The continued move into private sector provision, leaving patients without access to NHS appointments, demonstrate that change is needed. The existing contract is seen by providers as disincentivising taking on the care of those with poorer oral health. The goal should remain a move towards arrangements that facilitate and incentivise modern preventative care.   

A national contract should also not be seen as the only option – alternatives including direct provision by the NHS should be considered in areas of particular challenge and shortfall. There are valid uses for a range of different payment models, from capitation to fees for activity and paying dentists through salaries. 


  1.    What incentives should be offered by the NHS to recruit and retain dental professionals, and what is the role of training in this context? 

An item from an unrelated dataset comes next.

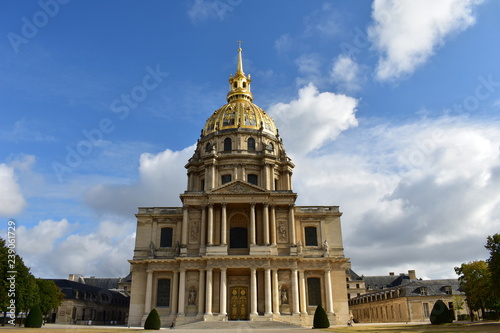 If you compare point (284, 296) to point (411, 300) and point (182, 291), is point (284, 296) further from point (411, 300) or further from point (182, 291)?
point (411, 300)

This is partly an issue of incentives – more fundamentally, however, there is a need for a long-term plan for the dental workforce which should aim to develop the appropriate workforce for the longer-term oral health needs of the nation.  This will need to include thinking about the full range of dental clinical and support workers, with a greater role for Dental Care Professionals (DCPs) beyond dentists, who should focus more on complex dentistry and leading teams from different disciplines.  The University tariff should be revisited to incentivise training of dental professionals other than dentists. 

A long-term workforce plan committed to, and funded, by government is necessary.  This should take account of changing population need, changes in treatment technology, skill mix change and productivity improvement. 

In the short-term making the NHS contract more financially attractive to providers is the main option along with international recruitment.